六本木・って

 ちなみに、いずれ書くつもりで原稿も写真も用意してあるのだが、六本木というのは、それこそ、ミッドタウンのある外苑東通りから1本裏道へ入るだけで、何十年もほったらかしの木造の廃屋もある。新しいビルがどんどん建つ一方で、こういうものを一向に取り壊さない。ごみごみした路地は、マジで、すぐ近くに大通りがあるのになかなか復帰できない不思議な迷い道(そもそもこのあたり、旧麻布竜土町は明智小五郎の事務所があったと比定されているので行った)。そういう路地から3方向に、ヒルズ、ミッドタウン、国立新美術館が見上げられる。
 東京生まれの私には、そういう、
「相対的に谷底になっている場所」
から見上げる方が、そこに住むよりもよっぽど楽しい。
 地面に立っているものは何であろうと大切なのだと知っている。
 自分の足がどこを歩いているのか、ずっと昔から知っている。
 そういうことが嬉しくなるから。
 五木寛之の中編「野火子」に、超お金持ち姉弟が、高層ビルの自室から、地上の貧民街の暮しを、それこそ家の中まで、高倍率の望遠鏡で眺めるのが日々の楽しみというシーンが出てくる。

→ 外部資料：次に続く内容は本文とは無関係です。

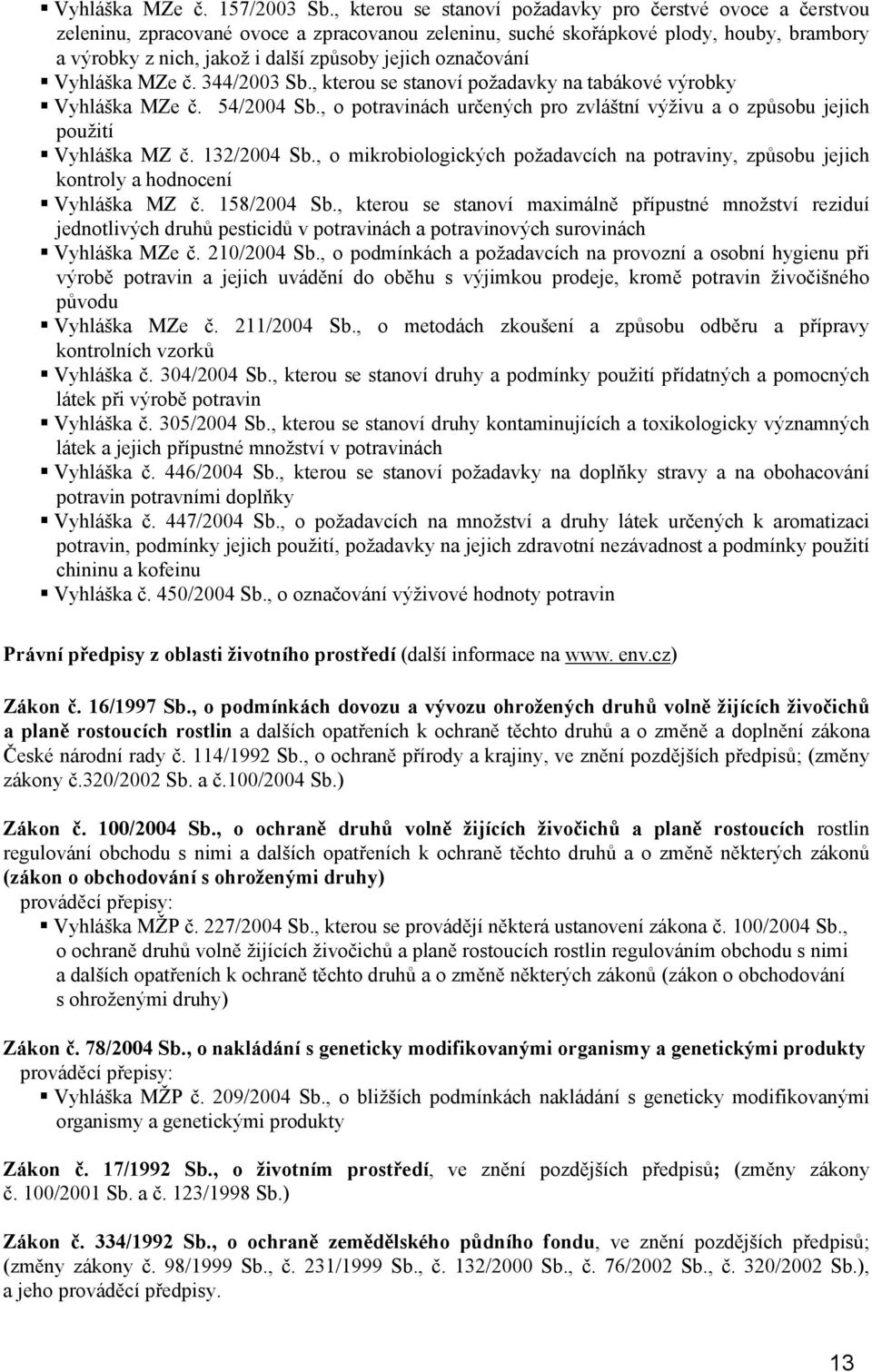 označování Vyhláška MZe č. 344/2003 Sb., kterou se stanoví požadavky na tabákové výrobky Vyhláška MZe č. 54/2004 Sb.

 ヒルズの脇っちょの小さなタイ料理店の窓からヒルズを見上げていた時、
「逆『野火子』だな」
と思った憶えがある。
 ただバカ高い場所に家を持っただけで、偉くなったような気になる時代が日本にも来ているのだなあ。(いや、バブルの頃からか)
 でも、どこかから東京に来て何を手に入れても、東京生まれの東京育ちという歴史だけは金では買えない。